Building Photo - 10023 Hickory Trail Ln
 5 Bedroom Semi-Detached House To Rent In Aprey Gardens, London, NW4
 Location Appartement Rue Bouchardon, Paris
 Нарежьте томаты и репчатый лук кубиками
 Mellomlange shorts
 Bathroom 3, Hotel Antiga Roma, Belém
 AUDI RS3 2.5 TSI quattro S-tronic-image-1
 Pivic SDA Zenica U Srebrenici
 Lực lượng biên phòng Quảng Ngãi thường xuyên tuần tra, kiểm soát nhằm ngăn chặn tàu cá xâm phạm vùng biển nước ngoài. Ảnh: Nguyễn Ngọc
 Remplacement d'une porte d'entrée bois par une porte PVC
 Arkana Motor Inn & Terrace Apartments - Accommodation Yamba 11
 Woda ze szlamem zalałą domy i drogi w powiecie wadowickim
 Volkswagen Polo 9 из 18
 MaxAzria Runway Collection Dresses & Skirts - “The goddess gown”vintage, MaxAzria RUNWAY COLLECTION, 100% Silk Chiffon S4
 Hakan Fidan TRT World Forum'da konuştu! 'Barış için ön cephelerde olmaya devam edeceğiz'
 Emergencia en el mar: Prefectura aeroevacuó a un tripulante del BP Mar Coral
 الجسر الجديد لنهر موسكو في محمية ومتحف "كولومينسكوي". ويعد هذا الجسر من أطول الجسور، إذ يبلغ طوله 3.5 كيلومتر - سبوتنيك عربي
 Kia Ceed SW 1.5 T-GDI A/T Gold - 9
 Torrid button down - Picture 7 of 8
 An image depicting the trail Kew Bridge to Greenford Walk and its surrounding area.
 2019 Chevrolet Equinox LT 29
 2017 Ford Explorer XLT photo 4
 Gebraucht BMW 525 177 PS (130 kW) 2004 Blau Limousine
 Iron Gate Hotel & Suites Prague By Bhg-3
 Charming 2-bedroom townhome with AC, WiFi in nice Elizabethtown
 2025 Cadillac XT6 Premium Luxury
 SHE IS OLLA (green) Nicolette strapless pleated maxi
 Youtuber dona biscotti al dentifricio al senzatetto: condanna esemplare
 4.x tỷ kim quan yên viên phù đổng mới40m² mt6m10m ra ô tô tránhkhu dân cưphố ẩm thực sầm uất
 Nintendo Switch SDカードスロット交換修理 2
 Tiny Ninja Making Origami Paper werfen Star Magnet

Task to complete. Each line from the top of the material above, through the one that contains "Torrid button down - Picture 7 of 8", should be restated word for word.

Written response.
Building Photo - 10023 Hickory Trail Ln
 5 Bedroom Semi-Detached House To Rent In Aprey Gardens, London, NW4
 Location Appartement Rue Bouchardon, Paris
 Нарежьте томаты и репчатый лук кубиками
 Mellomlange shorts
 Bathroom 3, Hotel Antiga Roma, Belém
 AUDI RS3 2.5 TSI quattro S-tronic-image-1
 Pivic SDA Zenica U Srebrenici
 Lực lượng biên phòng Quảng Ngãi thường xuyên tuần tra, kiểm soát nhằm ngăn chặn tàu cá xâm phạm vùng biển nước ngoài. Ảnh: Nguyễn Ngọc
 Remplacement d'une porte d'entrée bois par une porte PVC
 Arkana Motor Inn & Terrace Apartments - Accommodation Yamba 11
 Woda ze szlamem zalałą domy i drogi w powiecie wadowickim
 Volkswagen Polo 9 из 18
 MaxAzria Runway Collection Dresses & Skirts - “The goddess gown”vintage, MaxAzria RUNWAY COLLECTION, 100% Silk Chiffon S4
 Hakan Fidan TRT World Forum'da konuştu! 'Barış için ön cephelerde olmaya devam edeceğiz'
 Emergencia en el mar: Prefectura aeroevacuó a un tripulante del BP Mar Coral
 الجسر الجديد لنهر موسكو في محمية ومتحف "كولومينسكوي". ويعد هذا الجسر من أطول الجسور، إذ يبلغ طوله 3.5 كيلومتر - سبوتنيك عربي
 Kia Ceed SW 1.5 T-GDI A/T Gold - 9
 Torrid button down - Picture 7 of 8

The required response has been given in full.